Task details:
In how many lines of the listing does the string "discord" appear? Give only the number.

Information provided:

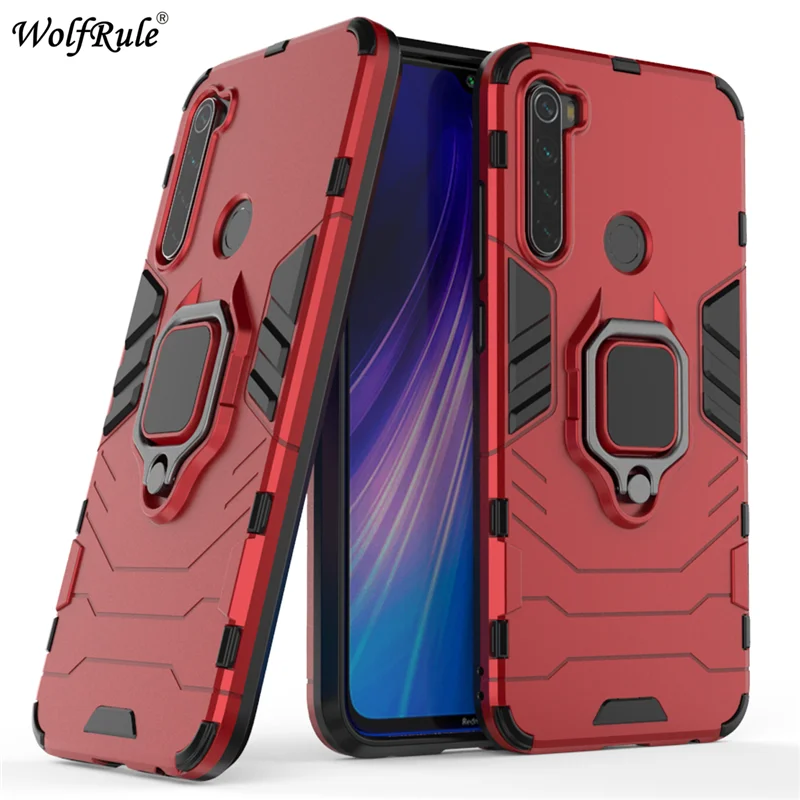 Red Redmi Note 8T чехол для телефона TPU Жесткий PC для Xiaomi Redmi Note 8T чехол с кольцом-держателем Магнитный бронированный чехол Redmi Note 8T 6,3" - Цвет: Red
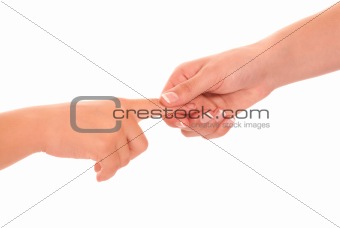 young woman and children girl handshake isolated on white background.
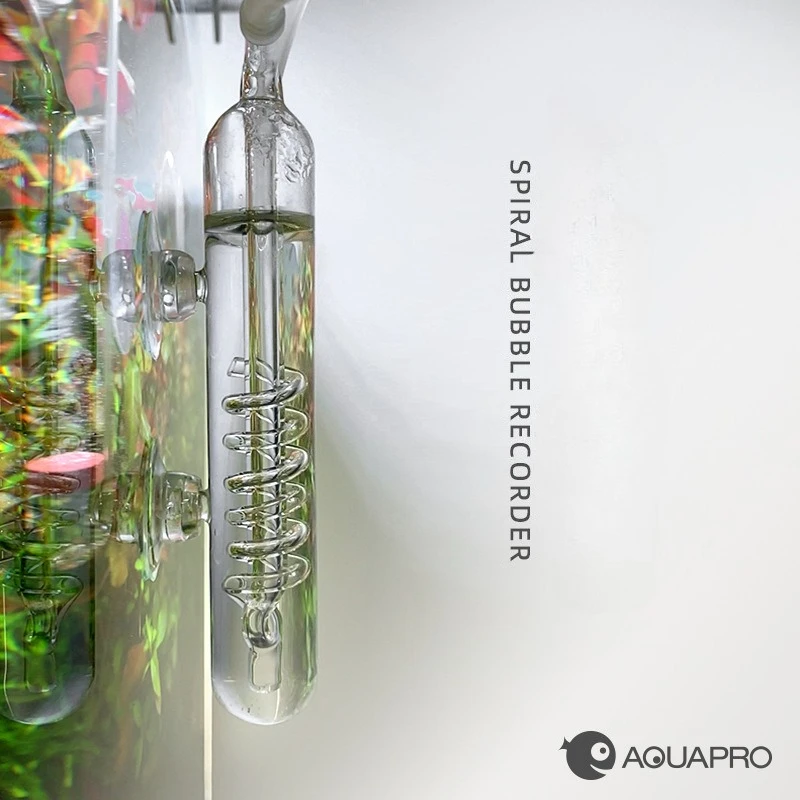 

AQUAPRO CO2 Bubble Counter High Borosilicate Glass Inline Diffuser Helical Design | Ultra-Clear Visibility for Planted Aquarium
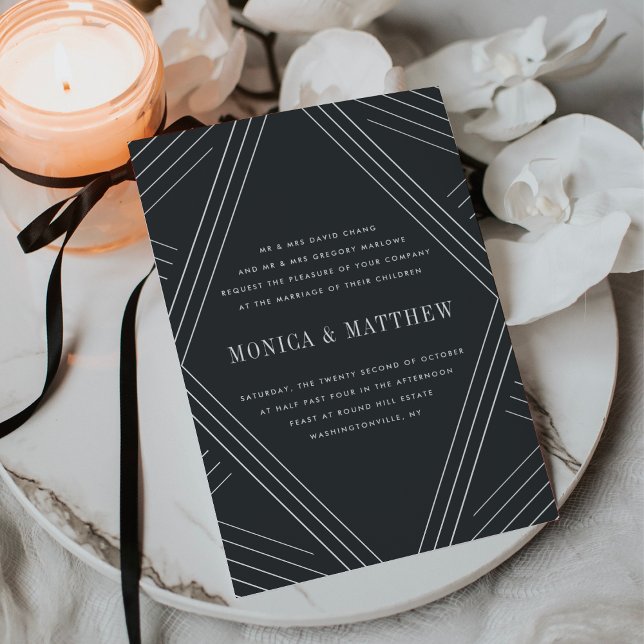 Empire Wedding Invitation | Charcoal (Creator Uploaded)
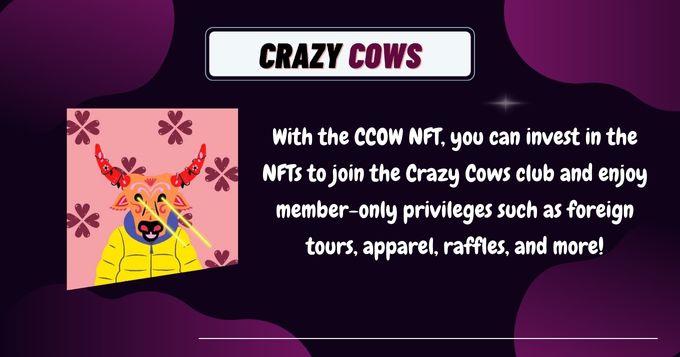 With the CCOW NFT, you can invest in the NFTs to join the Crazy Cows club and enjoy member-only privileges such as foreign tours, apparel, raffles, and more!
Join our discord!
discord.gg/dCeVNDsA
#NFTCommunity  #NFT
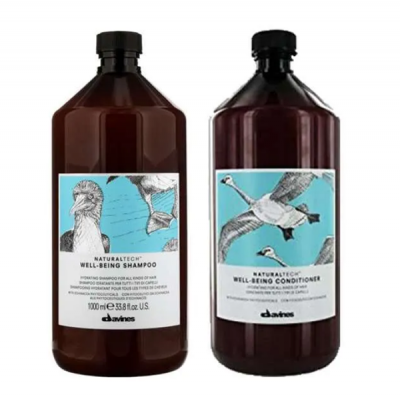 Davines New Natural Tech Well-Being Set - Набор для здоровья волос (шампунь 1000 мл; кондиционер 1000 мл)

Reply:
2